Five faculty members have been named Arthur F. Thurnau Professors in recognition of their outstanding contributions to undergraduate education. 

The 2020 honorees, approved Feb. 20 by the Board of Regents, are Miranda D. Brown, Angela Violi, Gyorgyi Csankovszki, John Montgomery and Susan Scott Parrish.

To become a Thurnau professor, faculty members must demonstrate a strong commitment to teaching and learning, excellence and innovation in teaching, and dedication to working effectively with a diverse student body.

They must have also made an impact on students’ intellectual or artistic development and on their lives, and contributed to undergraduate education in ways that extend beyond the classroom, studio or lab.

Recipients receive $20,000 to support activities that further enhance their teaching. They retain the title for the duration of their careers at U-M. 

Susan M. Collins, acting provost and executive vice president for academic affairs, put forward recommendations to the regents that included descriptions of each honoree’s work and achievements.

Brown is a professor of Asian languages and cultures in LSA. She was the driving force behind the expansion of the undergraduate curriculum in the Department of Asian Languages and Cultures, and is known for fostering an environment conducive to the success of students from all levels and fields of study.

“Her classrooms bring together domestic and international students, and business and engineering as well as LSA students,” the description of her work said. “Her creative and collaborative teaching strategies bridge these disciplinary and cultural divides, encouraging participants to share their knowledge and skills in ways that contribute to the learning of all.”

Violi is a professor of mechanical engineering and chemical engineering in the College of Engineering, and a professor of biophysics in LSA. Described as a stellar interdisciplinary researcher, she has created new courses on energy processes and introduced powerful computation methods that position students to be leaders in the international engineering community.

Students have praised Violi’s Sunday afternoon supplemental learning sessions for cultivating “a cohesive group of people learning together and supporting each other.”

“Professor Violi comprehensively supports her students in finding ways to think innovatively, take chances and find passion in their work,” the description of her work said.

Csankovszki is an associate professor of molecular, cellular and developmental biology in LSA. According to students and faculty colleagues, she is known for recognizing students’ needs and working to address them, such as when she replaced costly textbook quizzes with questions written by local instructors and housed in Canvas.

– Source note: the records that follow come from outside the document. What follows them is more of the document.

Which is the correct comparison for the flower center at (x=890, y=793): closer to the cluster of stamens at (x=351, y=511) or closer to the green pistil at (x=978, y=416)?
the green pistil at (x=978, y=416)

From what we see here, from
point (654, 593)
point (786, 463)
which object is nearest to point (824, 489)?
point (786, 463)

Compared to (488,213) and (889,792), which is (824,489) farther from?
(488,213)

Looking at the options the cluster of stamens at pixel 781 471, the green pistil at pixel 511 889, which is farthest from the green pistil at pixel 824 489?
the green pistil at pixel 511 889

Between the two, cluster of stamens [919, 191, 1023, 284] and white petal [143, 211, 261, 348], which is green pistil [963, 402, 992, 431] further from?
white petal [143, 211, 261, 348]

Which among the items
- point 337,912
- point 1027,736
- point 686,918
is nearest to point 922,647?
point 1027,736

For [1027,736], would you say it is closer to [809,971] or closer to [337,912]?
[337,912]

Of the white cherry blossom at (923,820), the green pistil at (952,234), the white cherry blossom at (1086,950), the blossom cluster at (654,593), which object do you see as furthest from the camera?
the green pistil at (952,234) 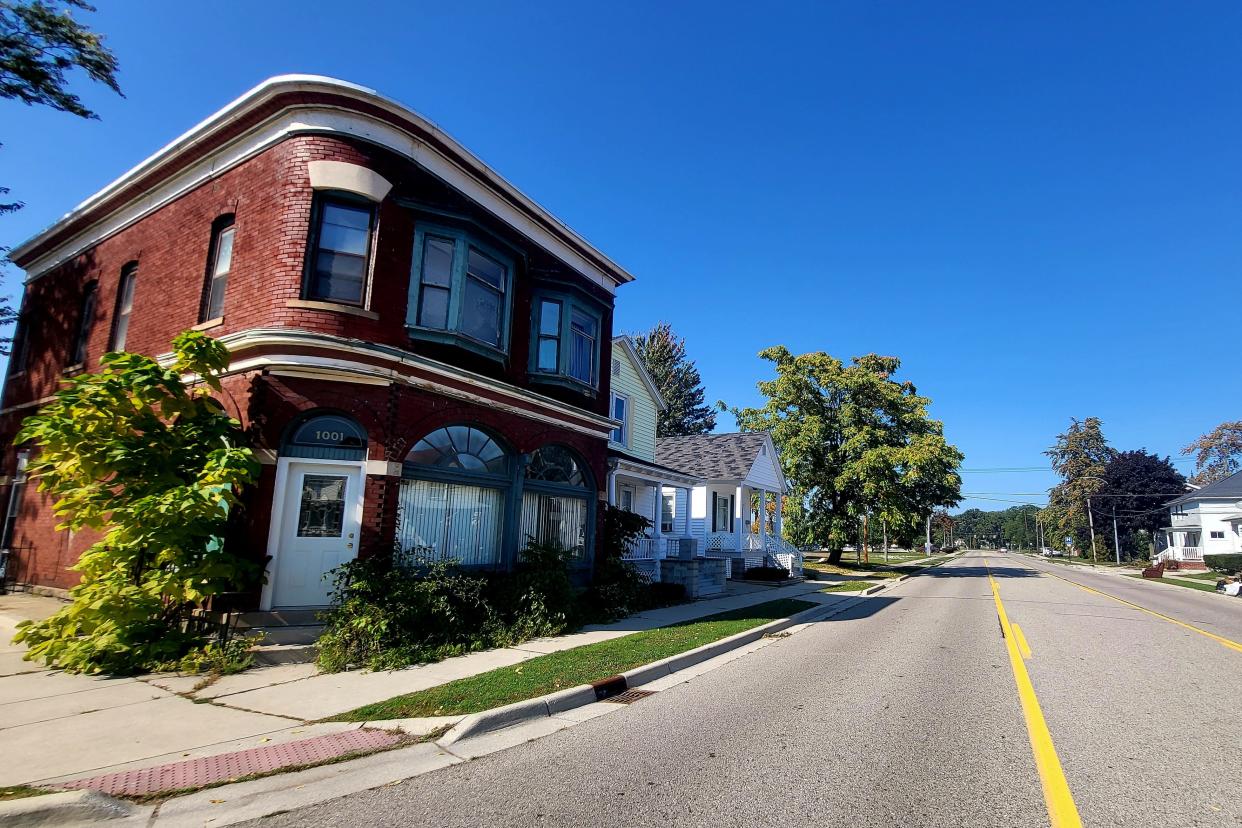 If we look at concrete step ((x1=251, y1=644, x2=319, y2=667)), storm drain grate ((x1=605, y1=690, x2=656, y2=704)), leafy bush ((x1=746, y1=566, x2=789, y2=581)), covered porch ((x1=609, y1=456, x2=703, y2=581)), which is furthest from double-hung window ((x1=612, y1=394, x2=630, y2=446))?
storm drain grate ((x1=605, y1=690, x2=656, y2=704))

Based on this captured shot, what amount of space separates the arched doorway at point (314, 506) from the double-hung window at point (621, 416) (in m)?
14.1

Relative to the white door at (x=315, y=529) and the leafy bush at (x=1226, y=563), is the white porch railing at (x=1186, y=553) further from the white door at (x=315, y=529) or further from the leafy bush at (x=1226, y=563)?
the white door at (x=315, y=529)

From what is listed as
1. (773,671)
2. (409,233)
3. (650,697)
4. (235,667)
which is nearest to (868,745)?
(650,697)

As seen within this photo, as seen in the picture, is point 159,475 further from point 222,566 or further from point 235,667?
point 235,667

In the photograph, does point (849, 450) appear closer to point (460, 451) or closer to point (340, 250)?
point (460, 451)

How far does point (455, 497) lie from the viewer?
11.6 meters

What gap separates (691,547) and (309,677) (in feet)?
42.9

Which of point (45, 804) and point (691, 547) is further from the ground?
point (691, 547)

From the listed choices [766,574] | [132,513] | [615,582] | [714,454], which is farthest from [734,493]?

“Professor Csankovszki has a long track record of dedication to continuously improving biology teaching, both as an individual instructor and through departmental service roles,” the description of her work said. “Her students report that her courses teach them to think critically, revolutionizing their understanding of biology and increasing their desire to continue in the field.”

Montgomery is the Margaret and Herman Sokol Professor of Medicinal Chemistry, and professor of chemistry in LSA. He consistently earns outstanding reviews from undergraduate students who enroll by the hundreds in the gateway organic chemistry sequence of CHEM 210 and 215.

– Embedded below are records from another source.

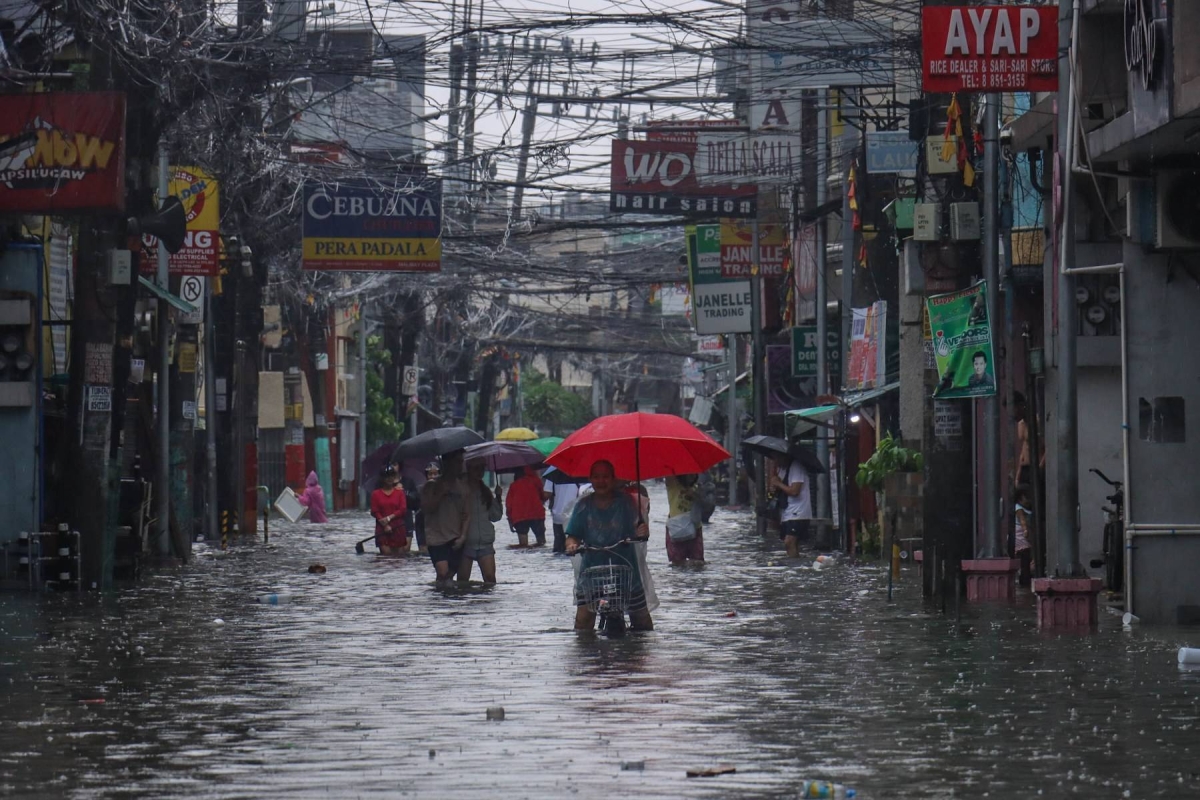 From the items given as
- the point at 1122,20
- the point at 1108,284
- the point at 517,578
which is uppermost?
the point at 1122,20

“Through his service on numerous committees aimed at making the department and U-M more inclusive, he recognized the challenges that these fast-paced courses can pose to students, particularly those from under-resourced high schools,” the description of his work said.

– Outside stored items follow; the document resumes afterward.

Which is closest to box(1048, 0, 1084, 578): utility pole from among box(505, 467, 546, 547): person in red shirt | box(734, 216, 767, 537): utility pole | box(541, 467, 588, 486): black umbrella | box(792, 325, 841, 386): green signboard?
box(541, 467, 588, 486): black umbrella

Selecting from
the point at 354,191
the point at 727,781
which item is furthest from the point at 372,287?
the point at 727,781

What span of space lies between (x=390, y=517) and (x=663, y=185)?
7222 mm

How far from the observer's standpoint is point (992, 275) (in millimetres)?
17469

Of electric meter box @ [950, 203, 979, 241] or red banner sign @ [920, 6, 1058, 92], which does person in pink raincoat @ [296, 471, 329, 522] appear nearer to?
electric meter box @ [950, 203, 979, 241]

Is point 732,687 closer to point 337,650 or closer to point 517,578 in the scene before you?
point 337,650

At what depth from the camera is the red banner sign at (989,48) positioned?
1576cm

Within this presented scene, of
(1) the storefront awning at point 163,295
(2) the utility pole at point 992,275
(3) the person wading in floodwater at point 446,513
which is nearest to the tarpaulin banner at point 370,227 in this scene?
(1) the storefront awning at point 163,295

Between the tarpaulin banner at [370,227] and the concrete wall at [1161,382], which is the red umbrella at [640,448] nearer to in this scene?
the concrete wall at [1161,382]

“In response, Professor Montgomery created CHEM 209, a companion course running concurrently with CHEM 210. Exit surveys indicated that the small sections and personalized mentoring students receive in CHEM 209 dramatically increased their confidence and persistence.”

Parrish is a professor of English language and literature in LSA. She has a strong record of imaginative teaching, inspired mentorship and innovative curricular development, according to the description of her work.  

“She excels in creating an atmosphere in which difficult topics are confronted and discussed frankly among students from varying racial, geographic and economic backgrounds,” the description said.

Parrish is also known for being a deft facilitator of faculty discussions that reshaped the curriculum, not only in English but also in three other programs: LSA Honors, the Program in the Environment and the New England Literature Program.

The professorships are named after Arthur F. Thurnau, a U-M student from 1902 to 1904. They are supported by the Thurnau Charitable Trust, which was established through Thurnau’s will.